→ **Your task**: Span requested from the data below: the line with "2026 Chevrolet Trax FWD ACTIV" through the line with "Everyone doubted me, a Jenga story", both included. Give only these lines again, exactly, and leave every picture out.

→ **Available records**:
+++
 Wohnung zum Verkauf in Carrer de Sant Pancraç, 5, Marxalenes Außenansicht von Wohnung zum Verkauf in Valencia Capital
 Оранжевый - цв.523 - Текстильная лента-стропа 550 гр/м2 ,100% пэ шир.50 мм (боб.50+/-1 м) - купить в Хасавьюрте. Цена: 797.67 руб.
+++
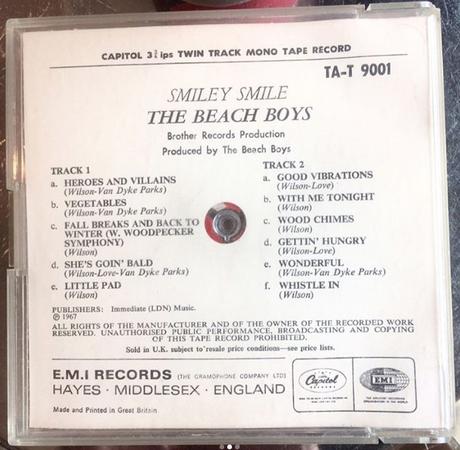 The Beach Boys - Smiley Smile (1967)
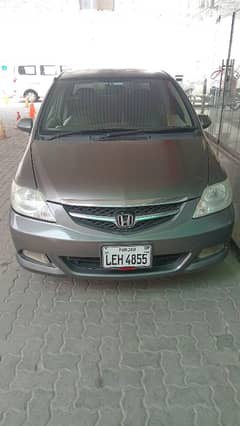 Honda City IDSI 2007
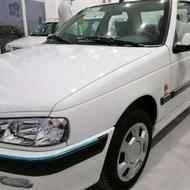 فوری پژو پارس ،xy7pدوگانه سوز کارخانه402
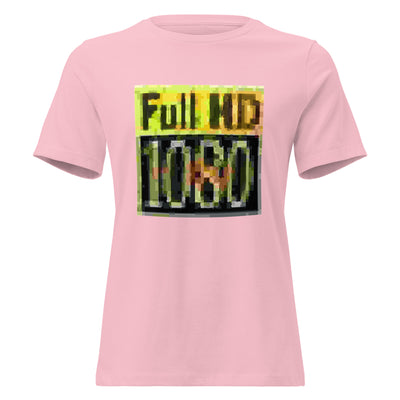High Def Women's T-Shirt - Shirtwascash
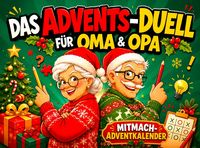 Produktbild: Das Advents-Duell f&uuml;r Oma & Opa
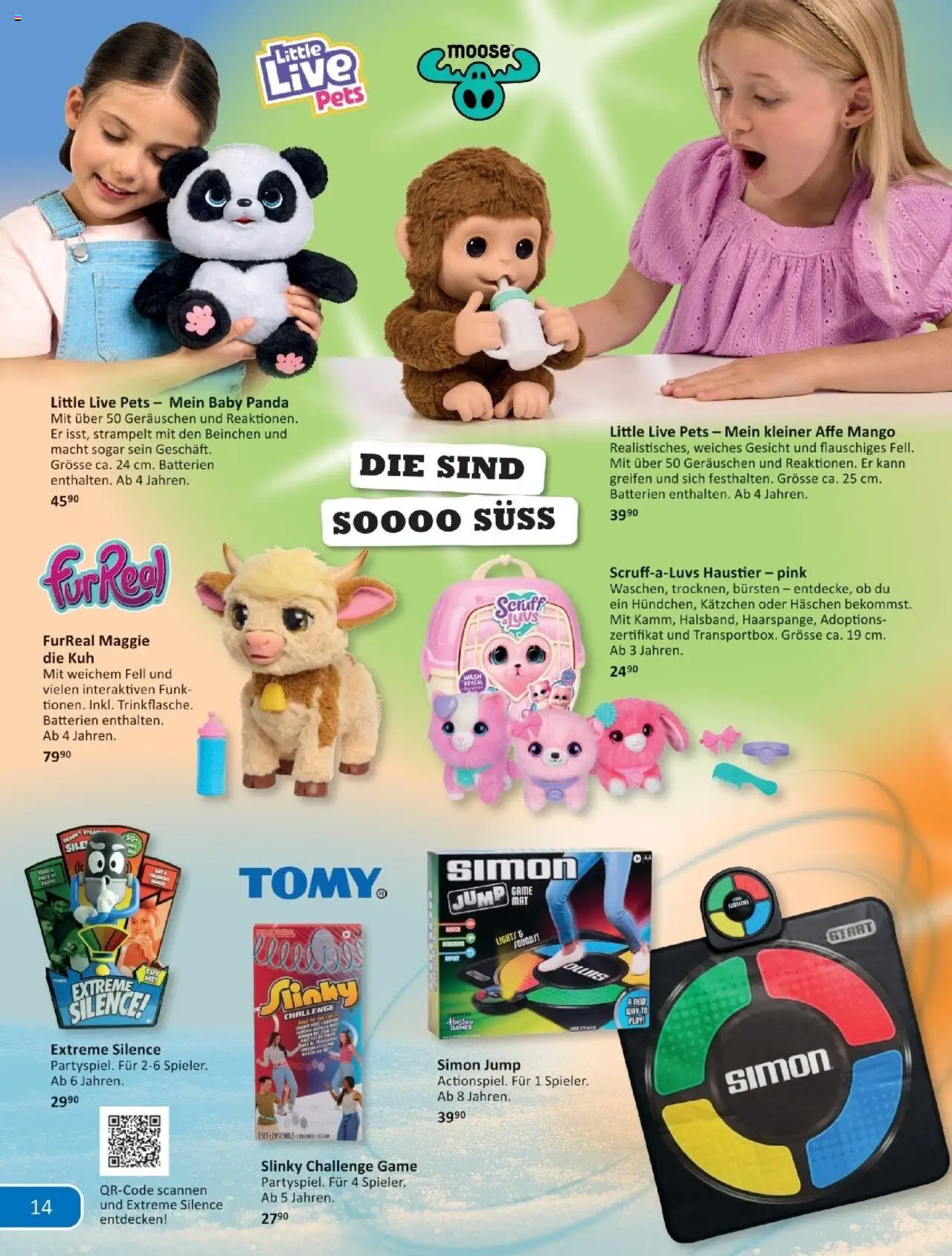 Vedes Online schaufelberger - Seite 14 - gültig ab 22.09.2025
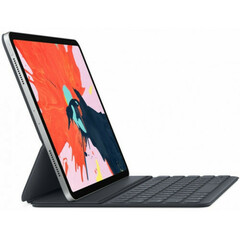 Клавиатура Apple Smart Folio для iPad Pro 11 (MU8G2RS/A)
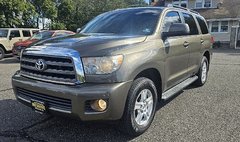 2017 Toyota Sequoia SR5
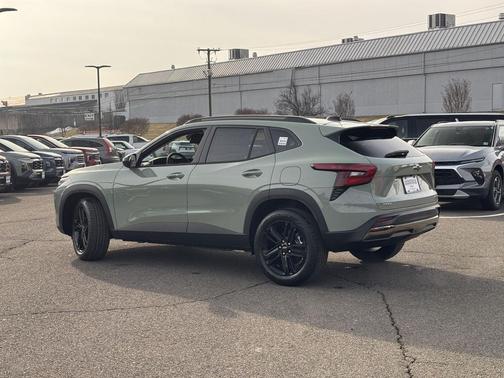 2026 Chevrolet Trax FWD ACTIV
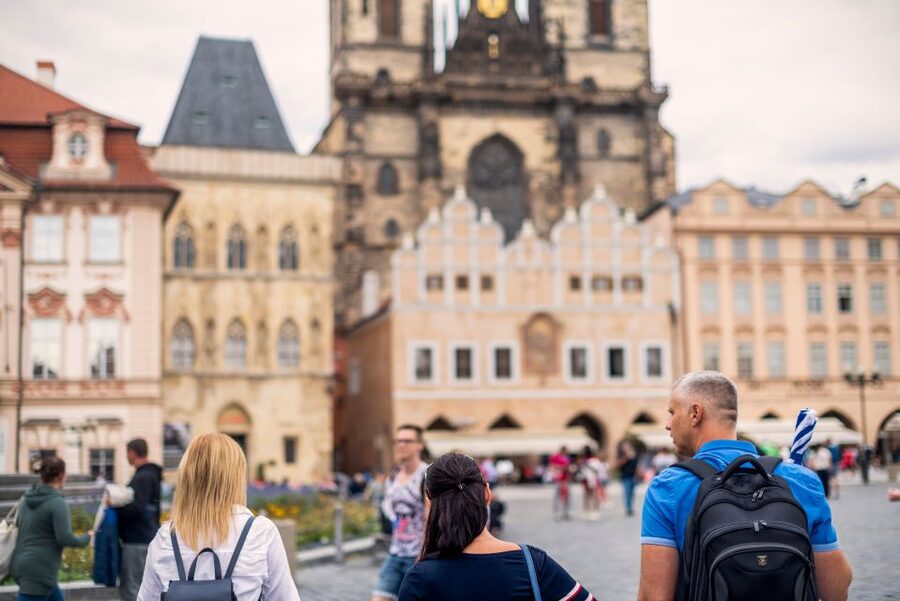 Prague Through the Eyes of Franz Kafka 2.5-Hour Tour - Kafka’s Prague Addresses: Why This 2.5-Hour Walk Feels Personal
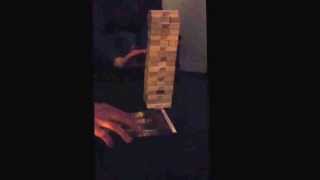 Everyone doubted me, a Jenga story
+++
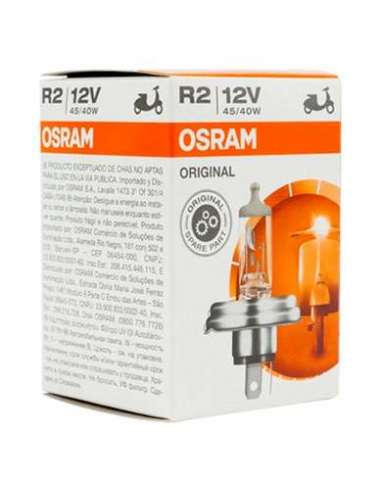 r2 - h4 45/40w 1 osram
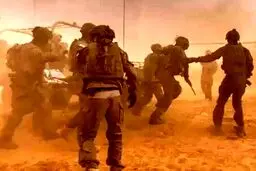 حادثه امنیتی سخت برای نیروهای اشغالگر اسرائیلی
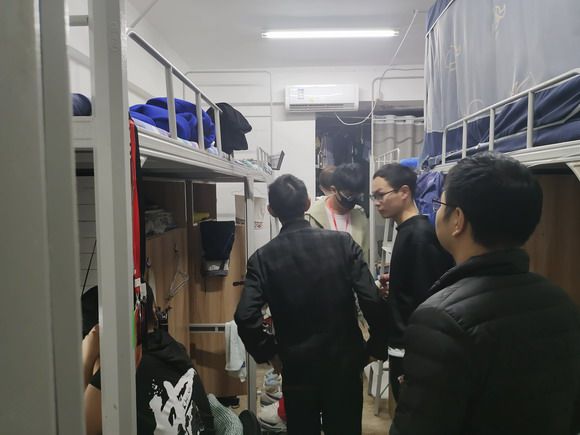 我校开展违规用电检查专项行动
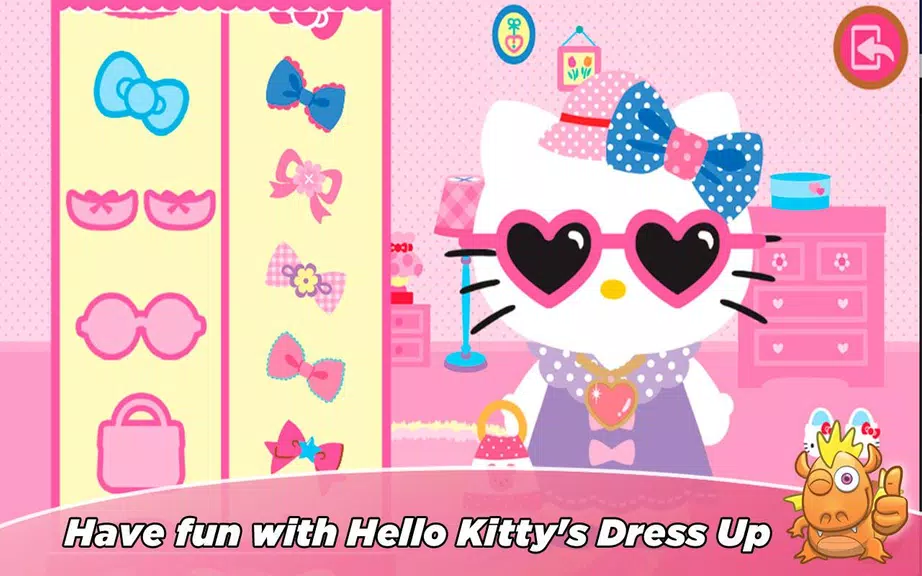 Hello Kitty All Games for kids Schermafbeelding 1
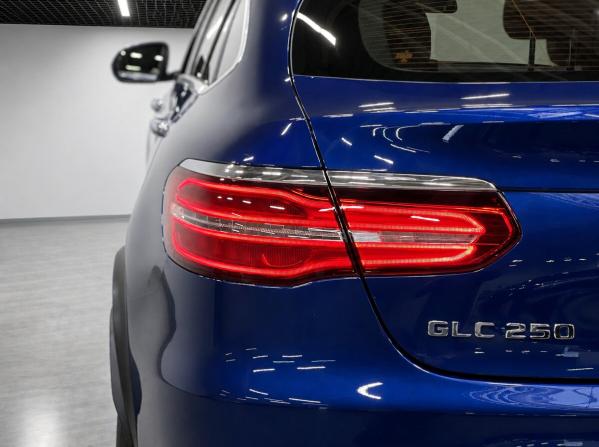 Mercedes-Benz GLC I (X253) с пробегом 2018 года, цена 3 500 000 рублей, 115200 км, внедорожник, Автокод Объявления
+++
→ **Final answer**:
 2026 Chevrolet Trax FWD ACTIV
 Prague Through the Eyes of Franz Kafka 2.5-Hour Tour - Kafka’s Prague Addresses: Why This 2.5-Hour Walk Feels Personal
 Everyone doubted me, a Jenga story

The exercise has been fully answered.